On the one hand, the need to negotiate multiple rights and licenses around characters from one (or various) rights holders will increase the costs for those producing new films and games. The cost of these transactions might be a barrier and mean that trademarked characters are utilized less often in franchises than their counterparts who are only copyright protected.
On the other hand, trademarks can help build a strong brand around a comic character, increase the character’s merchandising value and help consumers verify authentic products. As registering a trademark helps to promote the character and raise returns on advertising, it may also encourage more media franchises.
How do overlapping rights actually affect a comic character’s use in media franchises? Are characters with trademarks being utilized more or less frequently?
As well as the number of media franchises, it is equally as important to consider the overall revenues these generate. Even if a specific comic character appears in fewer films or video games, it might still be possible for these franchises to generate higher sales. This could happen, for example, if franchise producers demand higher prices from film and game audiences who have less choice over where to find their comic character.
How well do these character media franchises pay off at the box office and elsewhere? Do comic characters with particular rights frameworks tend to have higher earnings?
Drawing on extensive crowdsourced data from the Grand Comics and TM Link databases, we tracked almost 2,000 copyright-protected comic characters over the past 40 years. We looked at whether their additional U.S. trademark registration helped or hampered any corresponding media franchising.
We found that the effects of trademark registration in addition to copyright protection differ based on the type of franchise. For movies, the number of franchises increases after registration while for video games it does not.

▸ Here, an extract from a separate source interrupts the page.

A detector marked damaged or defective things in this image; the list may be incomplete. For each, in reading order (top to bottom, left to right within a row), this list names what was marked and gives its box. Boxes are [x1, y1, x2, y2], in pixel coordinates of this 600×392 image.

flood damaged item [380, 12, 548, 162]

Trademark registration encourages additional movie franchises for the same character by up to 15 percent per year.
This increase in the number of franchises can likely be attributed to the trademark protection allowing for more effective branding and merchandising, alongside the growing popularity of franchise characters. These additional rights may also allow for new financing opportunities as they can sometimes be used to back investments in new movie franchises.

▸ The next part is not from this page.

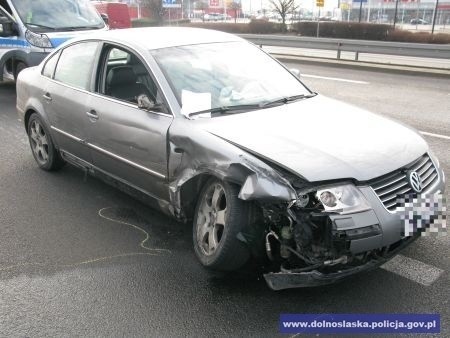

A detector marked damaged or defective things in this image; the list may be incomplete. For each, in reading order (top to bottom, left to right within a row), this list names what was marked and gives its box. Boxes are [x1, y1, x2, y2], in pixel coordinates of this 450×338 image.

damaged silver sedan [15, 27, 444, 290]
dented hood [192, 95, 426, 182]
broken headlight [314, 185, 370, 214]
crumpled front bumper [264, 232, 418, 290]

In the case of video games, however, overlapping rights deter some comic characters from being utilized for new video game franchises and reduce the variety of different characters that appear on gaming screens. This could possibly be due to higher licensing and transaction costs, especially if licensing copyright or trademarks takes up a bigger portion of the total production costs when compared to movies.
Obi Wan Kenobi
While trademark registration increases the number of movie franchises, our research shows that it’s video games which benefit from trademark registration when it comes to increasing sales and brand popularity.
For video games, our data predicts an average 75 percent increase in sales revenue once a character’s trademark is registered.
Based on this expected increase, if we consider that an average game franchise generates sales of around USD 2.45 million in North American markets, then a trademark registration could boost that revenue to an estimated USD 4.31 million.
Although this correlation exists between trademark registration and increased sales, it could be argued that only the more popular and higher-selling characters are the ones that are trademarked in the first place. We factored in this possibility and confirmed that franchise games generate more revenue when they’re registered as a trademark, regardless of whether the character is well known or not.
In the case of copyright and trademarks, overlapping rights may in fact be economically beneficial for certain types of franchises around comic characters.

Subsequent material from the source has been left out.